Central America represents only 0.1 percent of the land on Earth, but it contains 7 percent of all the species of plants and animals. That number, however, is decreasing as deforestation steamrolls through Central America’s delicate ecosystems. According to a recent article published by a team of scientists, the U.S. is contributing to the destruction. How the war on drug might be to blame is not, at first, apparent.
Last year, the Obama Administration announced it was shifting the focus of its war on drugs away from foreign suppliers toward domestic users. But it is important to note that, from the vantage point of on-the-ground scientists who are performing research outside of the U.S., there has not been much change. Dr. Kendra McSweeney is one of those researchers and is also credited with connecting the dots between deforestation in Central American and the war on drugs. She is an associate professor of geology at Ohio State University who has been studying Honduras for over 20 years. McSweeney says that she and her team did not set out to study the murky world of the drug trade but that they could not ignore its impact either, especially in the context of their research.

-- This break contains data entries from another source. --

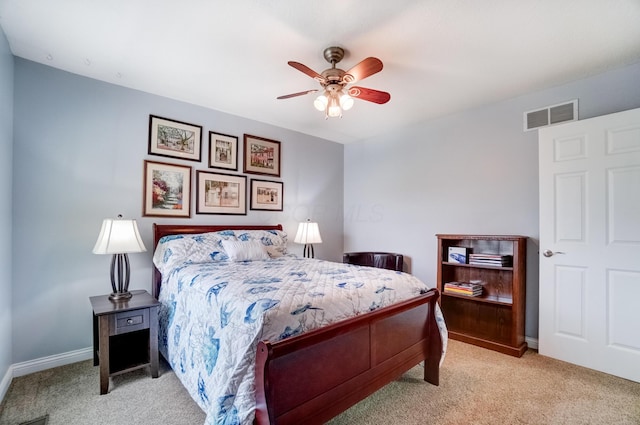 3995 Kensingwood Dr, Columbus, OH 43230 - bedroom with baseboards, visible vents, a ceiling fan, and light carpet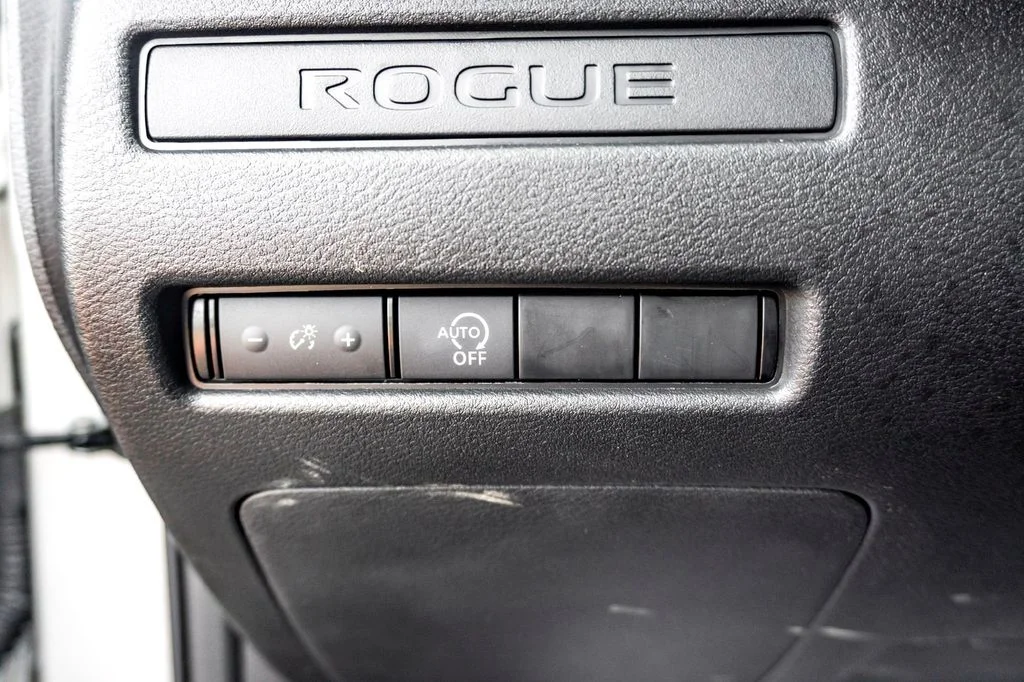 2025 Nissan Rogue S - Photo 16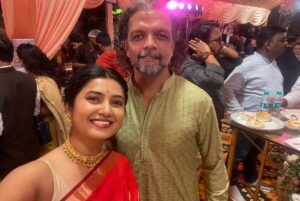 Prajakta Mali Instagram - #aboutyesterday 
.
सालाबादप्रमाणे यंदाचेही वर्षी “वर्षा बंगल्यावर” जाऊन गणरायाचं दर्शन घेतलं. 
.
मा. मुख्यमंत्री व मा. श्री श्रीकांत दादा शिंदे यांचे; आम्हा कलाकारांना घरी बोलावल्याबद्दल, अत्यंत प्रेमाने पाहूणचार केल्याबद्दल मन:पुर्वक आभार. ! 
.

स्वतःला भाग्यवान समजते की दरवर्षी महाराष्ट्राच्या मुख्यमंत्र्यांना समक्ष भेटता येतय, आपल्या समस्या- अडचणी त्यांच्यासमोर मांडता येतायेत. 
.
#भाग्यवान #मुख्यमंत्री #सण #गणेशोत्सव #latepost 
@cmomaharashtra_ 
@drshrikantshinde 
@mangeshdesaiofficia
तुझेही खूप खूप आभार. 🙏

In 2007, teams of U.S. scientists including McSweeney began to notice sweeping changes. Large swaths of forest were suddenly replaced by cattle grazing in pastures. Nature preserves had vast fields of crops growing inside their boundaries. McSweeney “wondered who had the money and impunity to do that,” which is what she said to National Geographic, who awarded her and her team a grant to further investigate the issue. When the team looked further into the matter, they found it was narco-traffickers. The results of that investigation were published in Science on Thursday under the title “Drug Policy as Conservation Policy: Narco-Deforestation.”
In the article, the authors emphasize that drug trafficking is accelerating the clearing of important rainforests that are crucial for ecological sustainability. The article further argues that U.S. led anti-trafficking efforts that began in Mexico around 2007 prompted traffickers to relocate their operations into more remote areas in countries such as Nicaragua, Guatemala, and Honduras. The consequences of this have been, according to McSweeney, ecologically devastating: “A baseline deforestation rate in this region was 20 sq km per year.” This number, in areas under the “narco-effect,” goes up to 60 sq km per year, and in some parts of Guatemala, the rates go even higher. The article calculates that the deforestation rate in some places goes up to a staggering 10 percent.
The research and its conclusions offer something that has not been widely considered and may prove to be a required facet of future research. It encourages scientists, and specifically ecological workers and biologists, to reconsider the notion that drug policy has nothing to do with science, and that there may be ecological benefits to winning the war on drugs. The article acknowledged as well that the rapid deforestation in Latin America cannot be attributed completely to drug trafficking. The impact of urban development encroaching into forest lands, illegal logging, and the need to convert forests into farms were also factored into the paper’s findings.
McSweeney and colleagues support a shift away from the policy of going after the traffickers to one focused on the user or demand side of the equation, one that would better shadow the changes being made in U.S. domestic policy in the war on drugs. This seems congruent and should be taken seriously, especially in light of the evidence McSweeney has provided that shows that not doing so may be partly to blame for the continued deforestation of Central American rainforests.